Wednesday, April 11, 2012

courageous city planning

When you look at any larger city in the western world from above, most of the time you see the same pattern over and over again. You have blocks, streets, sidewalks and train tracks. The most important features are the roads and streets, they divide a city into a lot of blocks. Sidewalks are between the roads and the blocks, sharing space with the street. The wideness of the streets correlates with the size of the blocks it separates. Most of the time they have lines of parking spaces for cars. Blocks are a bunch of buildings in a square, that face the roads, forming squares and rectangles, with some larger yards in the middle. The yards are used for gardens, supermarkets, playgrounds, etc.. Towards the yards the houses show balconies, winter gardens, terraces and a lot of windows.

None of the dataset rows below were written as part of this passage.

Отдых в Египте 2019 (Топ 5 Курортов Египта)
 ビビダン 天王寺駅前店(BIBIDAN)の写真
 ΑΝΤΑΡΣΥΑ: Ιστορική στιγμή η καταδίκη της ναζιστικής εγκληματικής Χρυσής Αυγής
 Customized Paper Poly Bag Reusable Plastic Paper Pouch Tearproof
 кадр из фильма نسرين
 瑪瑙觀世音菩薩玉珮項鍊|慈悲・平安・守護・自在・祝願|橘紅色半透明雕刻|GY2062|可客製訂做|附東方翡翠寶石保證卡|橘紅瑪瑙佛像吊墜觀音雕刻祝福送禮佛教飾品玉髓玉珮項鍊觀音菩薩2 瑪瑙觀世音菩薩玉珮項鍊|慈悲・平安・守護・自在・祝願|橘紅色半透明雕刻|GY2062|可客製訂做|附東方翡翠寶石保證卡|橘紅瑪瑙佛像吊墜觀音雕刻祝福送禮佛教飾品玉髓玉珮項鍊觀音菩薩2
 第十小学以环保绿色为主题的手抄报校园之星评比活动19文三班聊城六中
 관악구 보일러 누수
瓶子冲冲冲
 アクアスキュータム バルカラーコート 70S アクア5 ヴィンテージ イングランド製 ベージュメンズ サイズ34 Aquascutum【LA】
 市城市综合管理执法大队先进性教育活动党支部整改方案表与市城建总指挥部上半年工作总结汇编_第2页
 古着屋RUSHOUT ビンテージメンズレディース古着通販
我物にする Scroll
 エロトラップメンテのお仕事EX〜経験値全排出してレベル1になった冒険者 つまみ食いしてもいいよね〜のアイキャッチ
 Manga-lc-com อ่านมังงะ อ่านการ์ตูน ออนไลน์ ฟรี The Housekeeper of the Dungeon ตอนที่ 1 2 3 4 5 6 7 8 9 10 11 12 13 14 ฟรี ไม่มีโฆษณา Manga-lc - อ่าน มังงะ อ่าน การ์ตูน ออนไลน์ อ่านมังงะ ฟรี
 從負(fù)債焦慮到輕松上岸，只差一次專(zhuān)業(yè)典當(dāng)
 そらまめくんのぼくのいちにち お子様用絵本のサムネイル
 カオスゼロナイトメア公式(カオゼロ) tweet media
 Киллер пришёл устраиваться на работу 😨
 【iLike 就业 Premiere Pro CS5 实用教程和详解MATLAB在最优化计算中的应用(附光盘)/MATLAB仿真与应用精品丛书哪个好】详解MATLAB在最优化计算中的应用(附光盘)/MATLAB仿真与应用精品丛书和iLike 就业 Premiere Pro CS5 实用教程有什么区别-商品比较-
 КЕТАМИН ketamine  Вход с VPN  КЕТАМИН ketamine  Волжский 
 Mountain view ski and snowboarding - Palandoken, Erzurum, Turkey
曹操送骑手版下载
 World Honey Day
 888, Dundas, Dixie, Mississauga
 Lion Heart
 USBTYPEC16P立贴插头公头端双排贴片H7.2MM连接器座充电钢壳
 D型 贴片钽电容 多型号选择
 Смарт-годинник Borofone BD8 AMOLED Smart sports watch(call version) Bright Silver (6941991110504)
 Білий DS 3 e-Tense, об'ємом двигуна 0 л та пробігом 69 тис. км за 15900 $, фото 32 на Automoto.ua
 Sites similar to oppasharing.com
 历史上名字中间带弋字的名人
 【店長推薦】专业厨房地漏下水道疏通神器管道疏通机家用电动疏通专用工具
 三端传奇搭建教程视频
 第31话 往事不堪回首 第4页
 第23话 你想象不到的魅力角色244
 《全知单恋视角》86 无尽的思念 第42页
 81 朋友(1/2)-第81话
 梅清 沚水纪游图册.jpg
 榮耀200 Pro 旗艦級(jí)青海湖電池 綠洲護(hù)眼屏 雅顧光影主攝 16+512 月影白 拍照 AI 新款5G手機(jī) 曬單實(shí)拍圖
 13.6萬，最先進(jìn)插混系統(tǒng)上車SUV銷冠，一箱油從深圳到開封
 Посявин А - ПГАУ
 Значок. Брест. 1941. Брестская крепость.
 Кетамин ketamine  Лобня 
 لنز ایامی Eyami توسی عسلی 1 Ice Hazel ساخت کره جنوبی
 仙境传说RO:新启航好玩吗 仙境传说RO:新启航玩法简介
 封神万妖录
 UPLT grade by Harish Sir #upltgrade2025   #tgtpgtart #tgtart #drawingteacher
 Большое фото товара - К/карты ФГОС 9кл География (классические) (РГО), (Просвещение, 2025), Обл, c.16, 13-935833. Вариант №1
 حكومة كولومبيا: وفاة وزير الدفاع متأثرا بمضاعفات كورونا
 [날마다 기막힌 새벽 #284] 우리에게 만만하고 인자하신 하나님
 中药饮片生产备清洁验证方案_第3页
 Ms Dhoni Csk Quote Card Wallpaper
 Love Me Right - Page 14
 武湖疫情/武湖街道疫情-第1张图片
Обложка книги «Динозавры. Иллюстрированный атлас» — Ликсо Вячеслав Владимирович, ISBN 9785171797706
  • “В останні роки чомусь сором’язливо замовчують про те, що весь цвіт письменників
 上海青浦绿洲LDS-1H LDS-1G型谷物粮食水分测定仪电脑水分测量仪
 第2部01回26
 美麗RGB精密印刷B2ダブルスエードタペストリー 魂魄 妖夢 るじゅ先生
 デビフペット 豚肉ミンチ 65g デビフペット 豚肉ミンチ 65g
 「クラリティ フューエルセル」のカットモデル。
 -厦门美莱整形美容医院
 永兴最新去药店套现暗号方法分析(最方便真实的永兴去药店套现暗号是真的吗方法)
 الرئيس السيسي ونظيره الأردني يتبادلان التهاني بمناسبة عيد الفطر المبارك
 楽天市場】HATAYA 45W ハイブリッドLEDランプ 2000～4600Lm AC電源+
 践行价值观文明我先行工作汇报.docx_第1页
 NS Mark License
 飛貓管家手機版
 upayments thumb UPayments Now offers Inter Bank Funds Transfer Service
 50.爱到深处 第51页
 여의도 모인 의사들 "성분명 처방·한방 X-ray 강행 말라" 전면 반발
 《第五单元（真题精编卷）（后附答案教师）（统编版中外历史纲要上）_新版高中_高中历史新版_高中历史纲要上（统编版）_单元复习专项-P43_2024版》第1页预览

But does it have to be this way? The importance of cars in our society, has made them the main design-theme for our cities. This is why we have to combine streets and sidewalks in complicated intersection systems with traffic lights and long phases. This is why everyone who wants to move around in the city without using a car, has to participate in car traffic and bad air conditions. And this is why we consider cities to be rather ugly and smelly.

In my opinion there's the option for another design. As I tried to point out, we don't have to keep the system that historically replaced our roads for all kinds of relocation to become streets for motorized verhicles only. So here is what I am proposing as an alternative system. Imagine streets without sidewalk and pedestrians. All intersections would be much easier to design, and much more efficient in guiding traffic. But where would the pedestrians walk? There would be a second grid, intersecting the city, but shifted half a block to the southeast. So as a result, these pedestrian walkways would cut every block into half. One block is connected to the next block, not on the corners of the square, but right in the middle. The blocks would need to have at least one gap on each of the four sides, so that connections to other blocks can be established. Guiding pedestrians across a road is much easier and more efficient than at intersections. The buildings would have their entrances toward the center of the block, where it is more quiet and cleaner and nicer to look at. The pedestrians would experience a much greener and quiter city, where they would encounter more neighbours on the streets. the streets would be much easier to clean, and wouldn't need gardens to seperate living space from road noise and smells. Bigger streets could also crossed on a level below or above the ground, so that traffic lights wouldn't be needed at all anymore. It would be just like turning your back on the cars, and turn toward the neighbours and community.

I think such a coexistence would be a good solution between car-free city-centers and traffic jammed surrounding areas.